Simbol Nazi Ditemukan di Rumah Remaja Pelaku Penembakan Sekolah di Thailand

Sedang Trending 1 jam yang lalu
Kerabat menangis saat memandang jenazah korban penembakan berada di dalam ambulans di Sekolah Debsirin Nonthaburi, distrik Bang Kruai, Provinsi Nonthaburi, Thailand, Jumat (7/8/2026). Foto: Chalinee Thirasupa/REUTERS

Simbol Nazi ditemukan di rumah seorang remaja berumur 14 tahun nan menjadi pelaku penembakan massal di sebuah sekolah di Nonthaburi, Thailand. Polisi menyebut bendera Nazi tersebut berada di laman rumah dan merupakan milik om pelaku.

Rumah tersebut menjadi salah satu letak nan diperiksa polisi setelah remaja itu menembak meninggal kakek dan neneknya sebelum berangkat ke sekolah pada Jumat (7/8).

Polisi Kolonel Thadsakorn Konthong, Kepala Kantor Polisi Bang Bua Thong, mengatakan remaja tersebut menembak kedua kakeknya sekitar pukul 05.00 waktu setempat.

"Senjata api dan pelurunya milik sang kakek," kata Thadsakorn kepada Reuters.

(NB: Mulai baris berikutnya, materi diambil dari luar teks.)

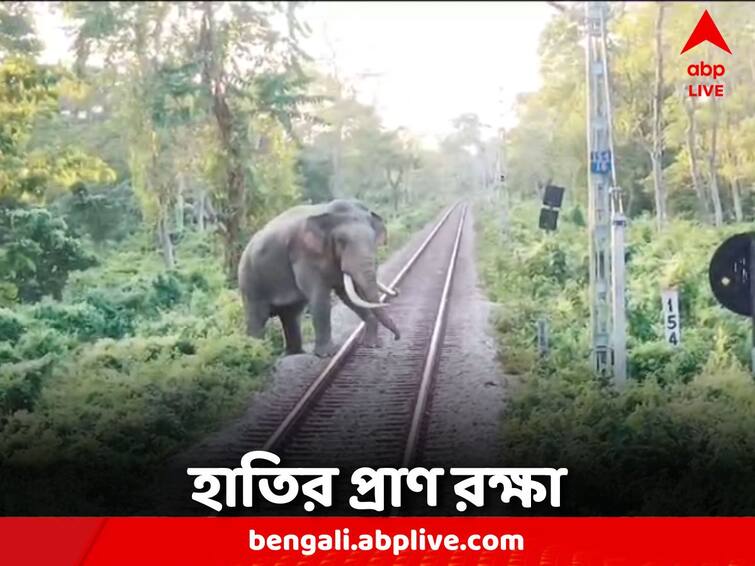 Alipurduar News train driver saved the life of an elephant Alipurduar News: ট্রেন চালকের তৎপরতায় বাঁচল জীবন, প্রাণ রক্ষা হাতির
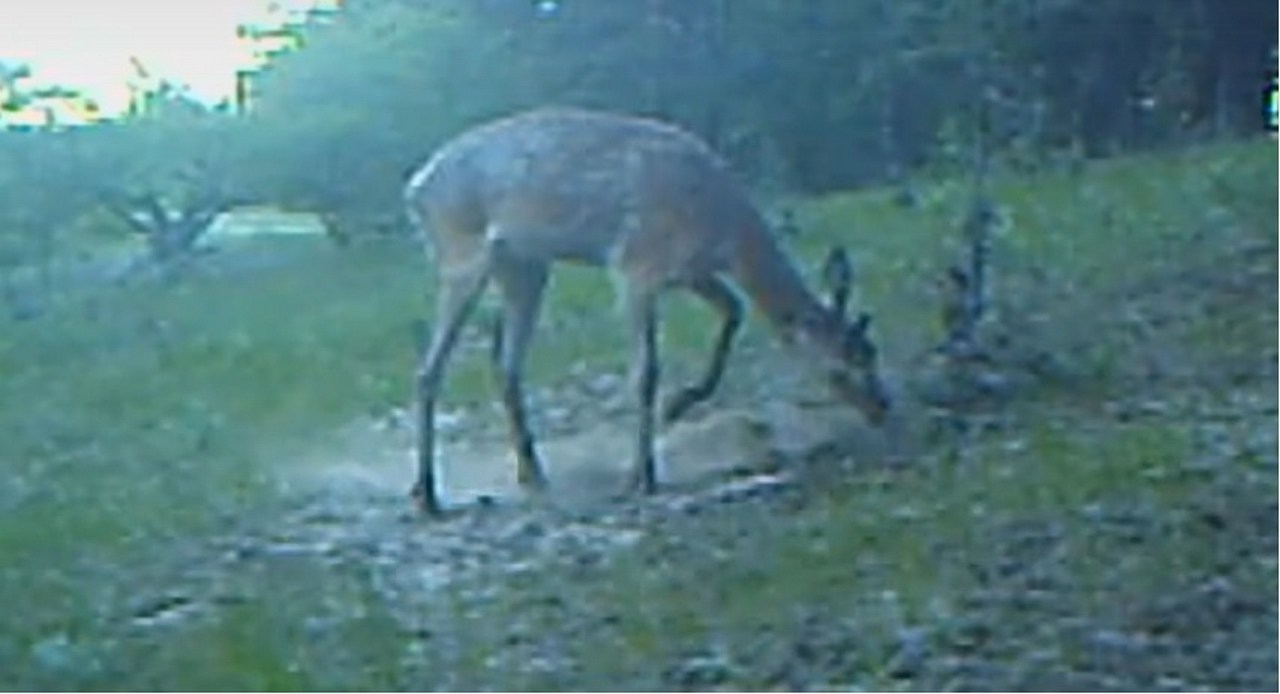 На видео попал бой благородного оленя с кустом в воронежском заповеднике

Polisi menemukan tanda-tanda bahwa senjata tersebut sebelumnya dicari di bilik tidur sang kakek. Setelah menembak kedua kakeknya, pelaku kemudian menaiki mobil antar-jemput sekolah sembari membawa senjata dan puluhan peluru.

Rumah tempat pelaku tinggal berbareng kedua kakeknya berada di Bang Bua Thong, sekitar 90 menit perjalanan dari pusat Bangkok. Rumah tersebut dikelilingi pepohonan dan pagar beton serta berada di area permukiman nan relatif sepi.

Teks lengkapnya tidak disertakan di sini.